5.Perioperative management
5.1.Perioperative blood glucose management
For obese patients with combined T2DM, fasting, pre-meal, 2h post-meal and bedtime fingertip blood glucose should be monitored, oral medication or insulin should be given to control blood glucose <10 mmol/L before surgery. insulin stimulants (sulfonylurea and clofibrate) should be stopped after surgery, and insulin dose should be adjusted to reduce the risk of hypoglycemia. Outpatients who do not achieve their postoperative glycemic goals may be treated with antidiabetic agents that improve insulin sensitivity (metformin) and enteral insulinotropic drugs.
If T2DM is in remission after surgery, the application of anti-diabetic drugs should be stopped; hyperglycemic patients with poor postoperative glycemic control should be guided by endocrinologists.
5.2. Postoperative nutritional management
The principles of postoperative nutritional management are as follows.
(1) Sufficient daily intake of water, recommended ≥ 2000 mL.
(2) Adequate daily protein intake, 60-80 g/d is recommended, and for patients with BPD-DS, protein intake should be increased by 30% on top of this.
(3) Supplementation with adequate amounts of multivitamins and trace elements, all given in oral chewable or liquid form for 3 months after surgery. Patients with BPD-DS should also receive fat-soluble vitamins, including vitamins A, D, E and K.
(4) Minimize the intake of carbohydrates and fats.
5.3. Perioperative dietary management
The perioperative and postoperative diets should be administered according to the following steps.
(1) Give a sugar-free, caffeine-free, low-calorie or calorie-free clear liquid diet 24 h before surgery.
(2) Fasting on the day of surgery.
(3) Sugar-free, caffeine-free, low-calorie or calorie-free clear liquid food can be started on the next postoperative day, with clear liquid food every 15 minutes.
(4) Low-sugar, low-fat, non-caffeinated clear liquid food with water every 15 min and calorie-containing clear liquid food every hour should be given from 2 d to 3 weeks after surgery.
(5) Low-sugar, low-fat, non-caffeinated semi-liquid and soft foods were given from 3 weeks to 3 months after surgery.
(6) Gradually add indolent food more than 3 months after surgery until normal eating is resumed.
5.4. Postoperative follow-up and monitoring
Long-term postoperative follow-up and monitoring of patients according to the plan is the key to ensure the postoperative efficacy.

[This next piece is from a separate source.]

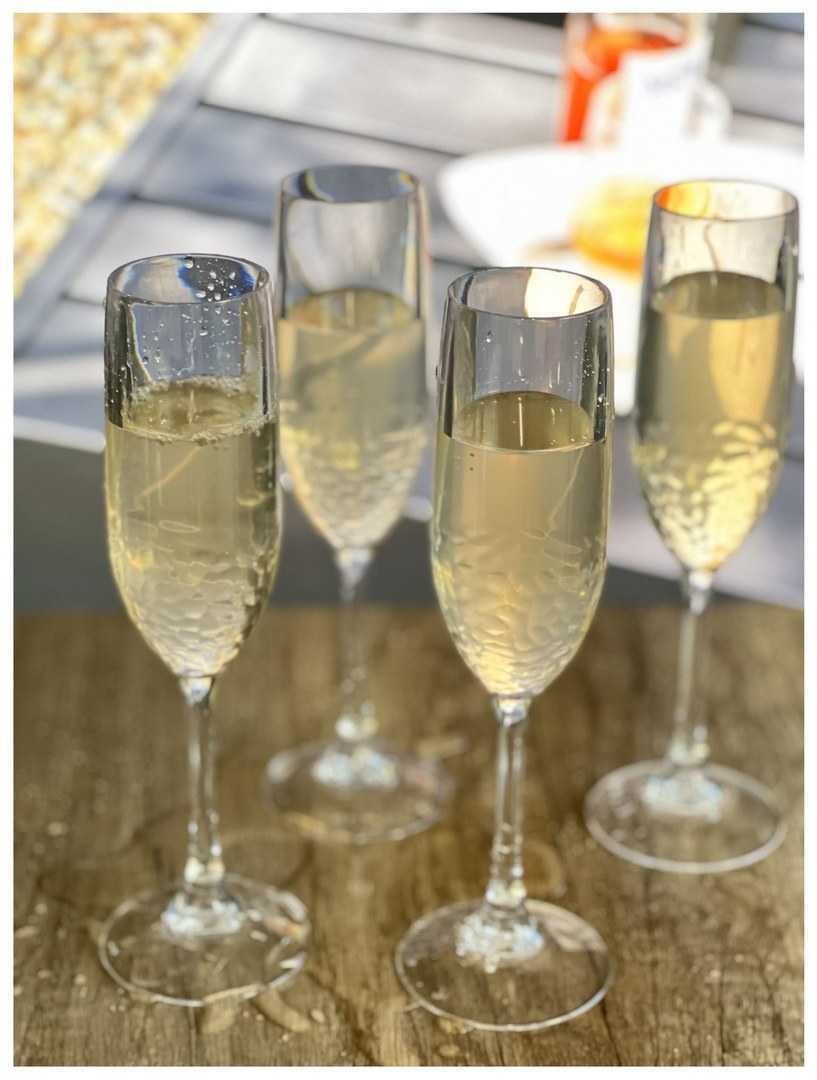 Four unbreakable plastic champagne flutes filled with champagne, ideal for parties and gatherings with a modern touch.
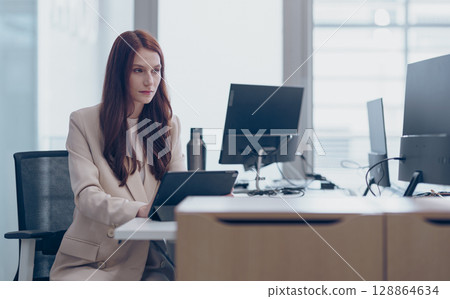 A Professional Woman excels in a Modern Office, demonstrating her expertise and dedication A Professional Woman excels in a Modern Office, demonstrating her expertise and dedication 128864634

The postoperative follow-up items are shown in Table 3.
Other precautions.
(1) Any abnormalities in the above monitoring should be corrected according to the actual situation.
(2) For patients with severe obesity, monitor serum creatine kinase (CK) level and urine volume to exclude rhabdomyolysis.

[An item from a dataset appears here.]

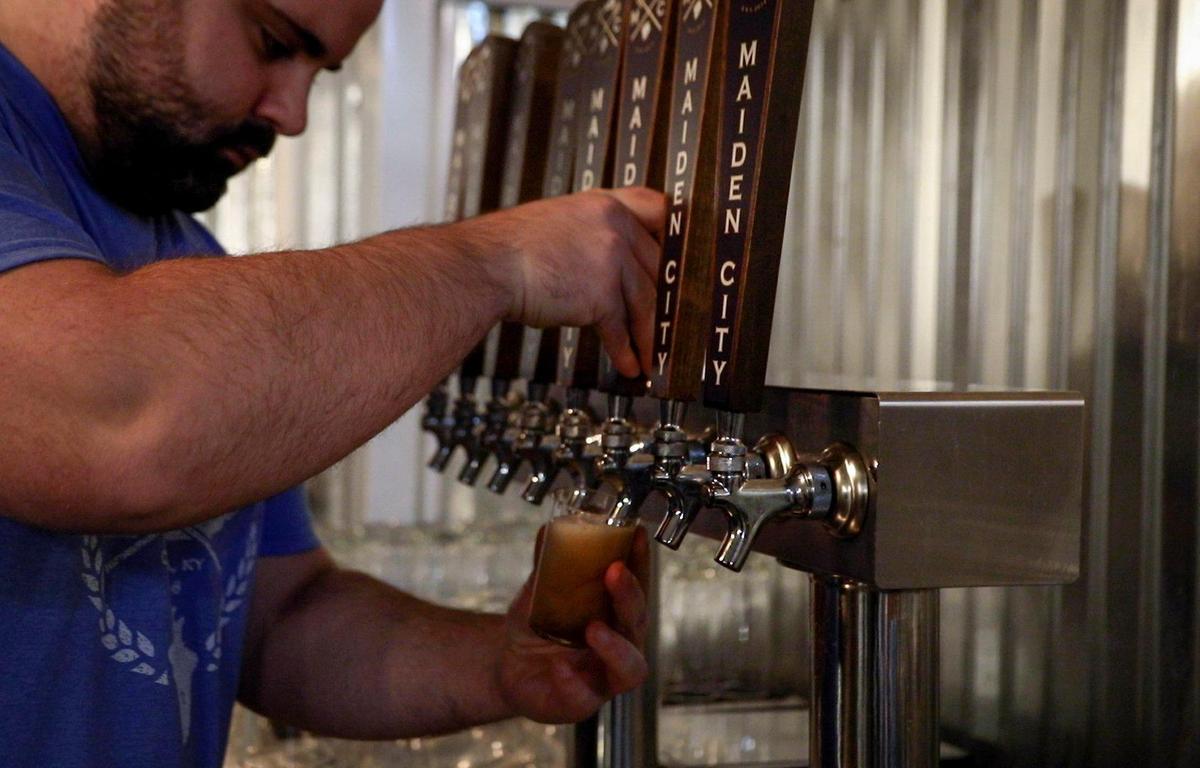 Co-owner, Austin Dacci, pours for a flight of beers at Maiden City Brewing’s downtown location in Cynthiana., Thursday, Jan. 7. Maiden City has announced that they are expanding from one downtown location to a new venue and taproom in Cynthiana as well as adding a location in Paris. The new main location will be at the Harrison County business park and hopes to offer a large outdoor patio and dedicated event space.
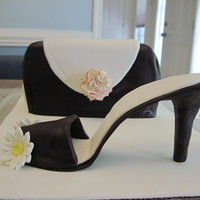Shoe & Purse Cake Gumpaste show with red velvet cake and butter cream frosting inside chocolate fondant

(3) Women of childbearing age should avoid pregnancy for 1 year after surgery and should be given appropriate contraceptive measures. Maternal vitamin and micronutrient levels, including serum iron, folic acid, vitamin B12, vitamin K1, serum calcium, and fat-soluble vitamins, should be closely monitored for fetal health regardless of when pregnancy occurs after surgery.
(4) Patients are advised to perform moderate aerobic exercise in divided sessions, with a minimum of 150 min per week and a target of 300 min per week.
6.Conclusion
For obese T2DM patients, some surgical modalities of bariatric surgery are more effective than intensive drug therapy in their treatment. Although conservative treatment and drug therapy remain the preferred treatment modality for T2DM, bariatric surgery may be an option for the treatment of T2DM in cases where blood glucose cannot be effectively controlled. The prerequisite for surgical treatment of T2DM is that the patient still has sufficient islet function reserve.

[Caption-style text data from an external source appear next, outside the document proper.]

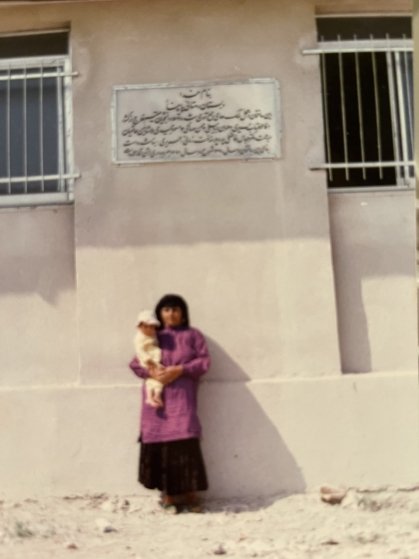 Hariri's mother standing under the plaque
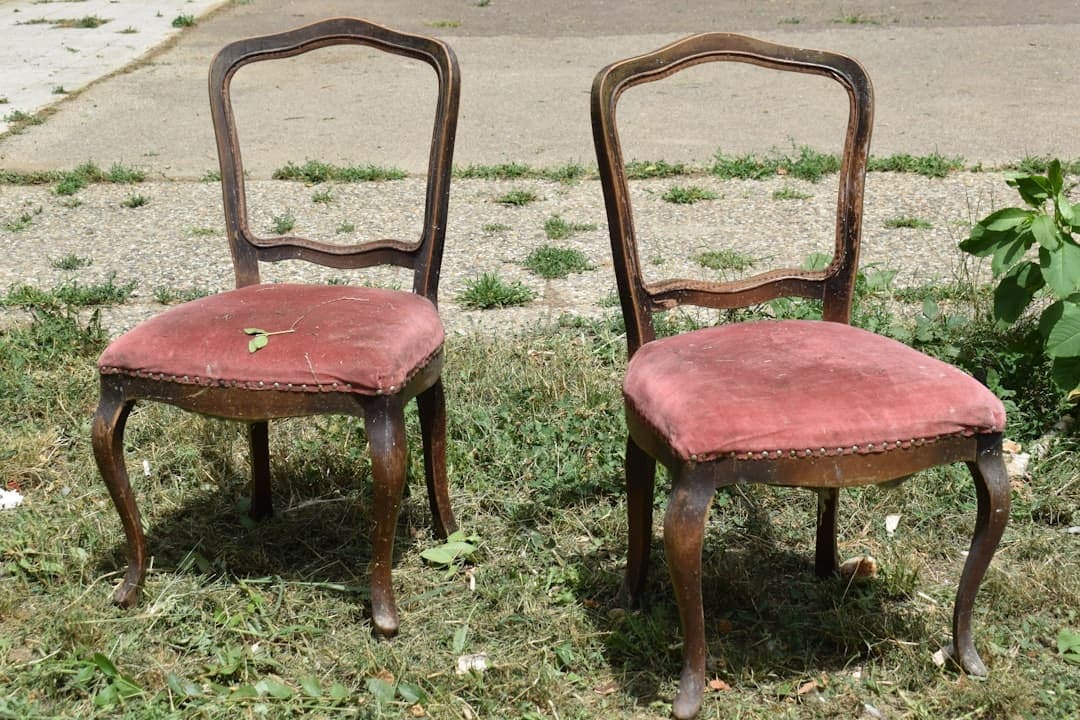 A pair of old wooden chairs with red upholstery before restoration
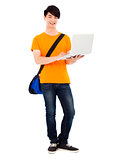confident young student standing and using laptop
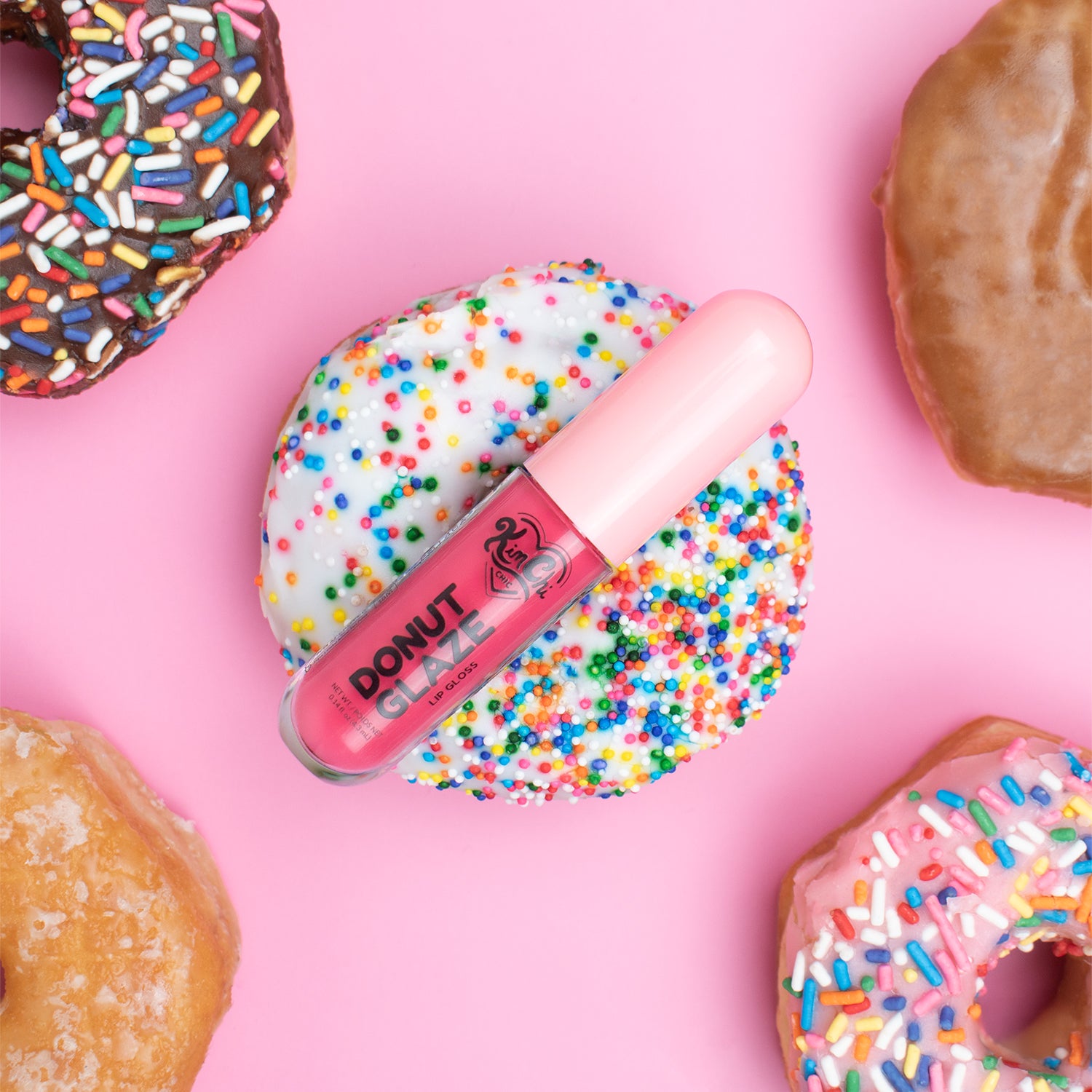 Colorful donuts with a lip gloss tube placed on a donut covered in sprinkles.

The establishment of MDT, strict selection of patients and suitable surgical modality, adequate preoperative evaluation and preparation, and strengthening postoperative follow-up and nutrition and exercise guidance are the keys to improve the effectiveness and safety of surgical treatment of T2DM. Meanwhile, retrospective research studies and prospective randomized controlled clinical trials are encouraged to establish and accumulate evidence-based medicine for the Chinese population.
The treatment flow of obesity and type 2 diabetes is shown in Figure 1.